Joel Cabrita
Associate Professor of History and, by courtesy, of Religious Studies
Bio
Joel Cabrita is a historian of modern Southern Africa who focuses on Eswatini (formerly Swaziland) and South Africa. She examines the transnational networks of the Southern African region including those which connect Southern Africans to the Atlantic and the Indian Oceans. Her most recent book (The People’s Zion: Southern Africa, the United States and a Transatlantic Faith-Healing Movement, Harvard University Press, 2018) investigates the convergence of evangelical piety, transnational networks and the rise of industrialized societies in both Southern Africa and North America. The People's Zion was awarded the American Society of Church History's Albert C Outler Prize for 2019 https://churchhistory.org/grants-and-awards/ She is also the co-editor of a volume examining the global dimensions of Christian practice, advocating for a shift away from Western Christianity to the lateral connections connecting southern hemisphere religious practitioners (Relocating World Christianity, Brill, 2017).
Cabrita has a long-standing interest in how Southern Africans used and transformed a range of old and new media forms. Her first book (Text and Authority in the South African Nazaretha Church, Cambridge University Press, 2014) investigates the print culture of a large South African religious organization, while her edited collection (Religion, Media and Marginality in Africa, Ohio University Press, 2018) focuses on the intersection of media, Islam, Christianity and political expression in modern Africa.
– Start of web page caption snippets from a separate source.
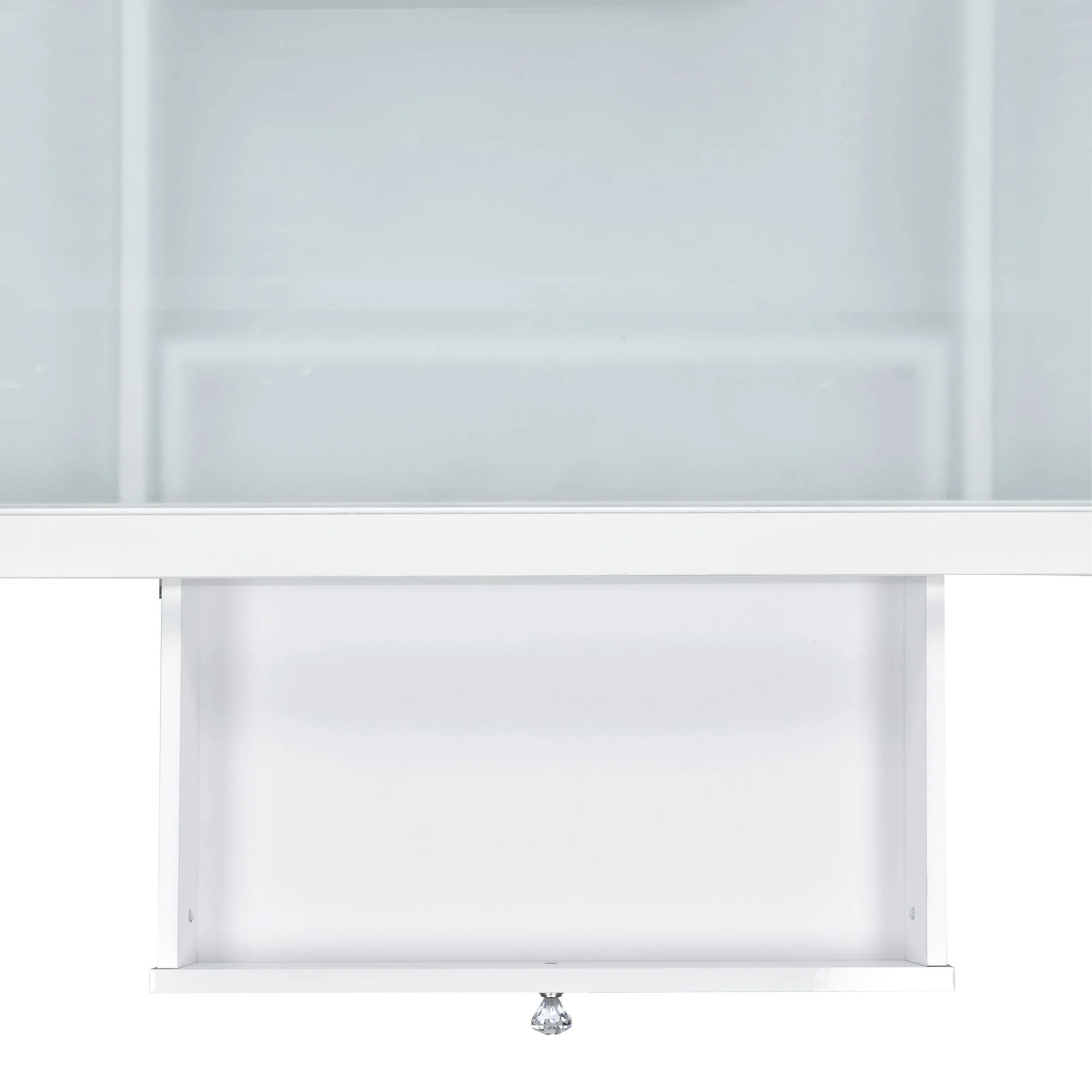 Ariana - Complete Vanity With Lightbulbs - Glossy White - Image 7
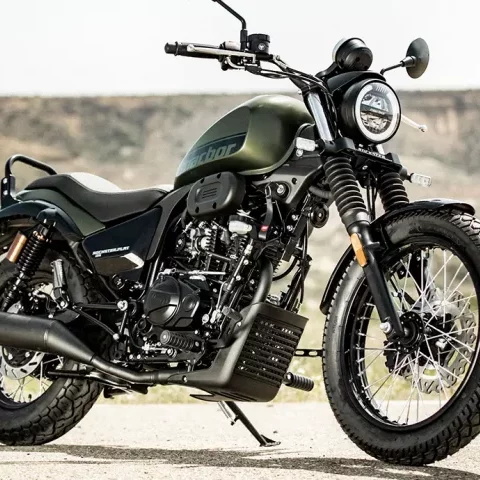 Porte-clés Moto Cuir Et Fibre De Carbone - Pour Macbor Montana XR1 XR5 - Style Robustesse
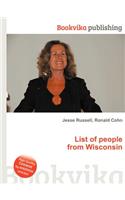 List of People from Wisconsin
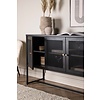 ebuy24 Malla dressoir 3 deuren zwart.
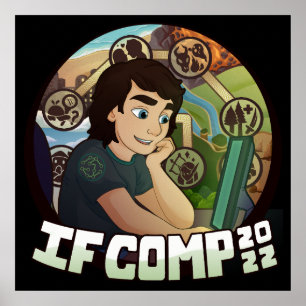 Affiche IFComp 2022 24 pouces x 24 pouces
Her current project (under contract with Ohio University Press) is the biography of a pioneering African feminist, Christian Pentecostal pioneer and liberation leader, Regina Gelana Twala (1908 – 1968), who co-founded Swaziland’s first political party in 1960 and introduced the Assemblies of God denomination to the region. Celebrated during her lifetime, Twala’s remarkable story is today largely forgotten, in part a consequence of her untimely death in 1968, one month before Swaziland’s independence. Cabrita’s project considers the radically new perspective a figure such as Twala affords on the contribution of women to Africa’s anti-colonial liberation movements and to evangelical history. The book will probe the politics of memory whereby certain African nationalist and religious icons have been erased from the historical record.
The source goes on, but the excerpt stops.